# Toro Spring Release Dates



## pp6000v2 (Mar 8, 2021)

I keep itching to go with the Toro 60v product line to replace my mower, blower, trimmer, etc. They're finally releasing a attachment-capable power head in the 51836/51810T, but no release date. My existing Husqvarna is about to give up the ghost, but I might be able to limp it for a few more weeks or so. Is there any bead on when the "coming soon" Spring items will be released?


----------



## Captquin (Aug 22, 2019)

@pp6000v2 been looking at the line up too. You find out anything?


----------



## pp6000v2 (Mar 8, 2021)

Haven't followed up with anyone yet. Saw LCN's review of the super recycler went up a couple days ago, so I'm guessing soon if not now. I bought the $35 replacement part for my gas trimmer to get it back in 100% shape, so now I don't have the same itch to replace it with $800 worth of new battery tools haha.


----------



## Captquin (Aug 22, 2019)

I hear you. Saw the LCN review as well. My gas Super Recycler is only a year old but I've been wanting to go battery. Main issue may be finding a powerful backpack blower to go with it.

Looking like the 60v Super Recycler or Ego Select cut (or whatever it's called with the two blades). Would like to see a review of those two instead of the regular recycler.


----------



## OD on Grass (Nov 1, 2018)

pp6000v2 said:


> Is there any bead on when the "coming soon" Spring items will be released?


@Captquin 
I asked my "inside source" and this is the reply I got:

Hey, Jordan! I obviously can't promise anything, but the timelines I've heard for availability on the attachment capable system are within two months. So much is up in the air obviously, with the supply chain and the economy, but I would bet that's probably pretty close.

Not the specific date we were hoping for. 
I have the Stihl kombi system and I got to play with the Toro attachment system at the HQ last fall and it's a winner :thumbup:


----------



## Captquin (Aug 22, 2019)

Nice!!' Thank you.


----------



## pp6000v2 (Mar 8, 2021)

OD on Grass said:


> @Captquin
> I asked my "inside source" and this is the reply I got:
> 
> Hey, Jordan!
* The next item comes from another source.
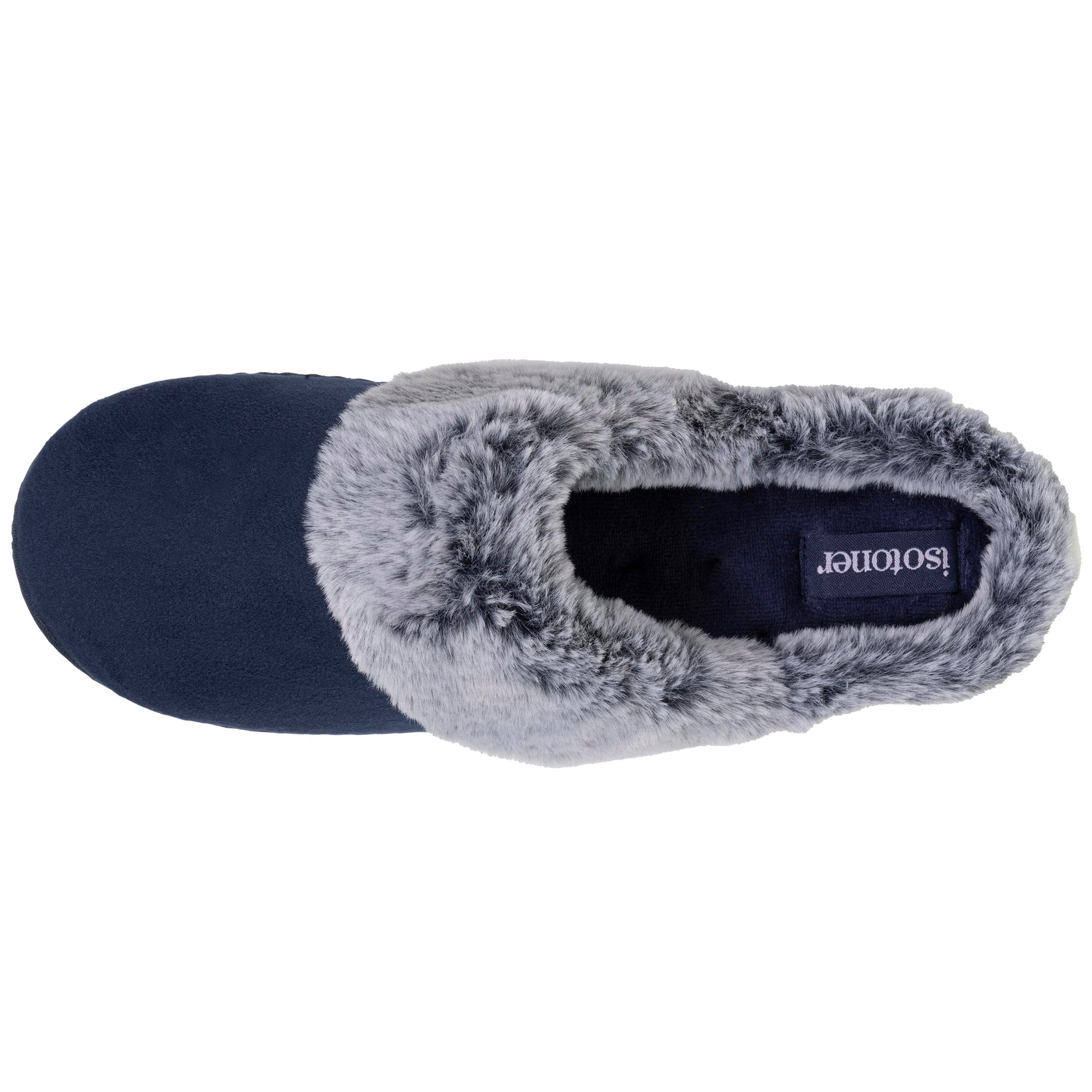 Chaussons Chaussons mules Femme Bord fourré Marine femme bleu Isotoner Chaussons Chaussons mules Femme Bord fourré Marine femme bleu Bleu marine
I obviously can't promise anything, but the timelines I've heard for availability on the attachment capable system are within two months.


Yikes. 2 more months puts us close to June.

I'm curious on the attachment-capable head: does the shaft end match other interchangeable tool accessories, aka the Expand-It line? The spring detent looks to be in the same place, but I haven't seen pictures to see what the flexshaft receiver looks like. I would really like to keep some of the specialty attachments I have (fabricobbled TAS25 sprinkler donut trimmer, sweeper brush attachment, etc.) useable without buying extra Toro trimmer attachments just to tear them apart.


----------